Chloe, puis Fanny le suivirent. Ils rejoignirent Azem et, ensemble, franchirent la grille. De si près, Stephen remarqua que les pilastres ne tenaient presque plus à rien. Usés, rongés, les joints maintenaient tant bien que mal les pierres taillées entre elles. Cette entrée devait dégager un certain charme, autrefois, quand Stephen tétait encore le sein de sa mère – bien qu’il ne s’en souvînt pas. De sa mère. Il ne se souvenait pas d’elle marchant dans les rues d’Ervicje. Il ne se souvenait pas d’elle marchant où que ce fût, à vrai dire. Son souvenir n’était même pas une silhouette floue dans des scènes auxquelles elle ne semblait pas appartenir. Il n’existait tout simplement pas.

— Attendez ! retentit une voix de femme dans le dos du groupe.

Stephen n’osa pas se retourner. Pas encore un changement de plan. Cette nuit n’aurait-elle donc jamais de fin ? Il supportait déjà la présence de Fanny, l’inconnue qu’il ne parvenait pas à cerner. Maintenant, une infirmière les accompagnait pour il ne savait quelle raison – la même que la leur, sans doute. Et quelqu’un d’autre venait de les interpeller...

— Madame, commença Azem poliment.

Stephen se tourna.

— Vous ? s’exclama Adwoa Okoye en le reconnaissant.

— Je vous présente Adwoa Okoye, doctoresse spécialiste de l’architecture d’avant la guerre, déclara Stephen. Il se pourrait que je lui aie rendu une petite visite pour en savoir plus sur l’architecture des bâtiments dans mon rêve.

— C’est l’Arluuvie, soupira Azem, ça ne fait aucun doute.

— Quel rêve ? demanda Fanny.

Stephen réprima l’envie de se boucher les oreilles. Trop d’informations à gérer, de questions auxquelles répondre, mais jamais les plus importantes comme celle de savoir ce qu’ils fabriquaient tous réellement ici, devant la grille entrouverte d’un cimetière.

Nous allons le traverser pour rejoindre la bordure, que nous traverserons aussi, se rappela-t-il avec ce faux courage censé grandir en lui à force de le feindre.

Traverser un cimetière au beau milieu de la nuit, un lieu de repos éternel sur lequel couraient de nombreuses légendes. Une terre autrefois battue sur laquelle on avait érigé, posé ces pierres tombales au-dessus de trous bien proprets ; qui avait vu apparaître des caveaux avec des colonnades, avec des statues rappelant les héros de la Vesnivie et des sculptures qui pourraient rivaliser avec celles du musée d’Ervicje. Encore un édifice dont la grandeur dans le décor urbain manquerait à Stephen.

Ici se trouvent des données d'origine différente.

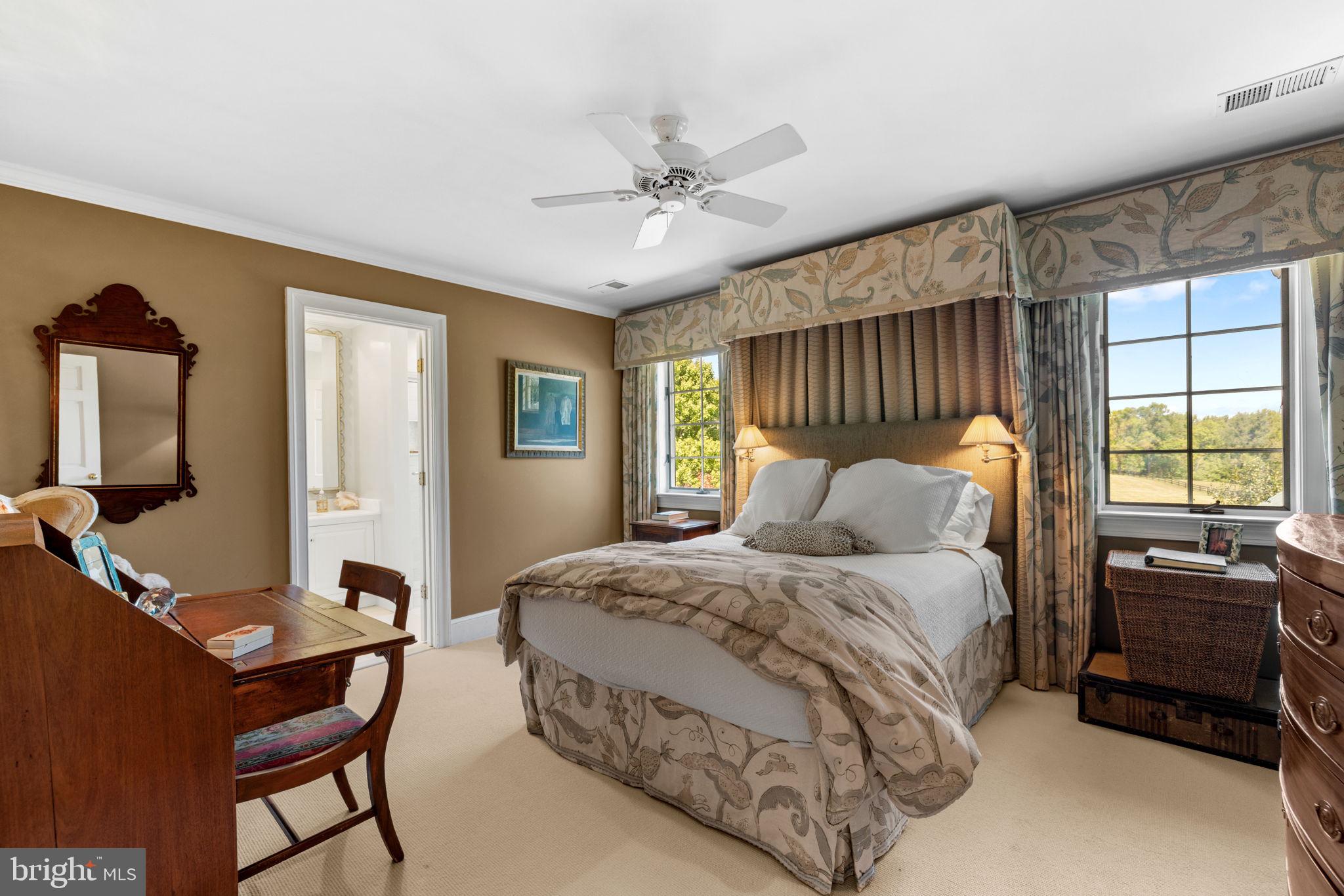 36190 Turkey Roost Road Middleburg, VA 20117 - Photo 54 of 88 a bedroom with a bed a dresser and with a large mirror next to a window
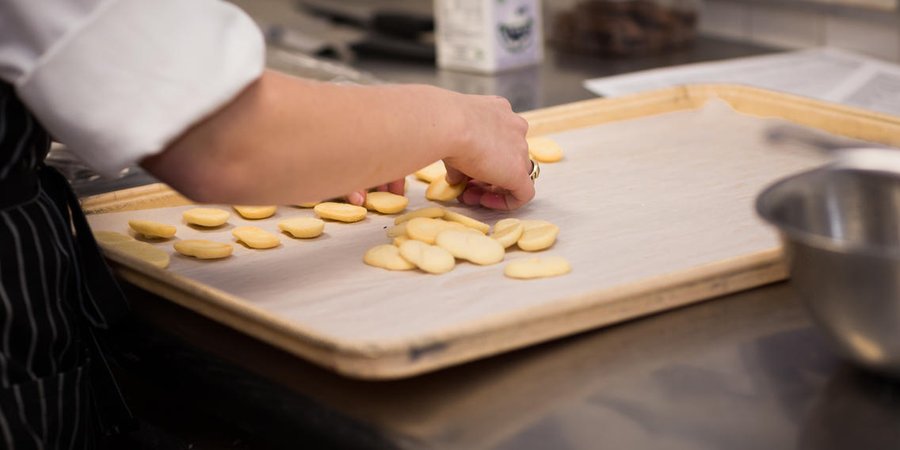 A person lays cookies out on a baking pan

— La sortie secondaire de ce cimetière mène à la bordure, n’est-ce pas ? s’assura la doctoresse.

— En effet, répondit Azem.

Calmement, mais Stephen voyait à son regard vide qu’il se fatiguait. Plus tôt ils rejoindraient la bordure et la traverseraient, mieux ce serait.

— C’est par là que vous quitterez Ervicje ? poursuivit la doctoresse.

— La sortie principale est inaccessible à cause des mouvements de foule, expliqua Azem.

— C’est donc par là que je quitterai Ervicje, moi aussi.

Elle aussi ?

— Les signes, avança Fanny comme si elle venait de lire dans les pensées de Stephen.

— Les signes, répéta Azem.

Et ces mots résonnèrent comme les tout derniers d’une oraison.